0
votes

I am trying to analyse firebase analytics data in BigQuery. I need to update a table in BigQuery using StandardSQL.

I have to update order_flag in table cart where key = 'item_id' by joining it to another table order.

Below is the query:

#standardSQL
UPDATE `dataset.cart` c
SET c.order_flag = true
WHERE (SELECT value.string_value 
       FROM UNNEST(c.event_dim.params) 
       WHERE key = 'item_id') IN
      (SELECT
           (SELECT value.string_value 
            FROM UNNEST(o.event_dim.params) 
            WHERE key = 'item_id')
       FROM `dataset.order` o
       WHERE (SELECT key FROM UNNEST(o.event_dim.params) 
              WHERE key = 'item_id') = 
             (SELECT value.string_value FROM UNNEST(c.event_dim.params) 
              WHERE key = 'item_id'))

But I am getting the error:

Error: Correlated subqueries that reference other tables are not supported unless they can be de-correlated, such as by transforming them into an efficient JOIN.

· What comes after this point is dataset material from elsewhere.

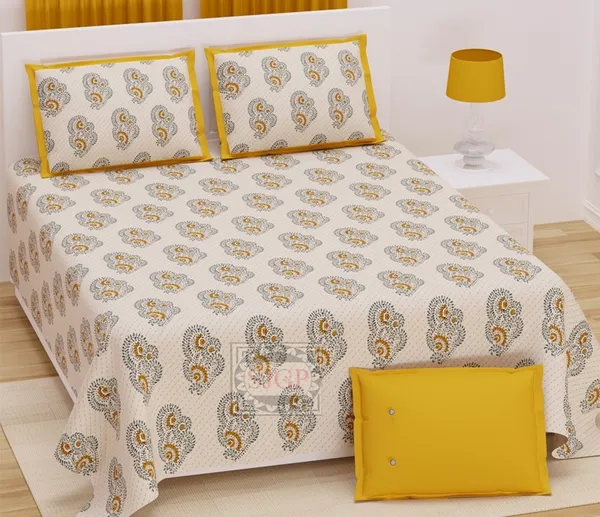 Aarunya_Mustard_Paisley_100%_Cotton_King-Size_Bedsheet_with_2_Pillow_Covers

How to do an efficient join in this scenario?

1

1 Answers

2
votes

Your query looks a bit strange because it has IN clause with correlated subquery (subquery uses both a and c tables).

Which is kind of antipattern and usually indicates mistake in query. Because normally IN clause subquery is NOT correlated across tables.

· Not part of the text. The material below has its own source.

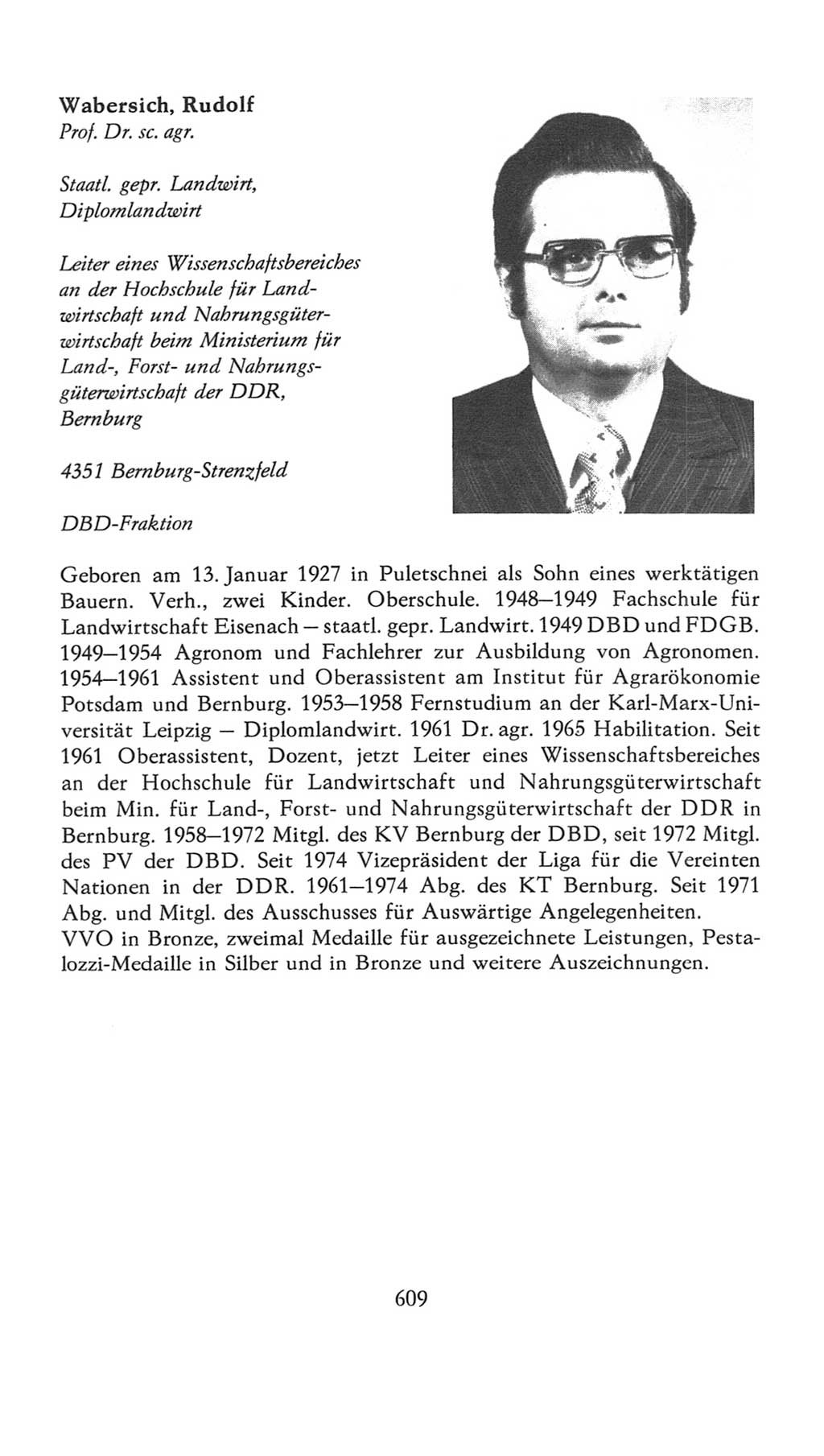 Volkskammer (VK) der Deutschen Demokratischen Republik (DDR), 7. Wahlperiode 1976-1981, Seite 609 (VK. DDR 7. WP. 1976-1981, S. 609)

EXISTS clause usually requires correlation in subquery, but not IN. This would work most likely:

UPDATE
  `dataset.cart` c
SET
  c.order_flag=TRUE
WHERE
  (
  SELECT
    value.string_value
  FROM
    UNNEST(c.event_dim.params)
  WHERE
    key = 'item_id') IN (
  SELECT
    (
    SELECT
      value.string_value
    FROM
      UNNEST(o.event_dim.params)
    WHERE
      key = 'item_id')
  FROM
    `dataset.order` o
)

If you decide to switch to EXISTS then I would recommend storing

(SELECT
      value.string_value
    FROM
      UNNEST(o.event_dim.params)
    WHERE
      key = 'item_id')

into separate column to keep things simple and easy to optimize for query optimizer.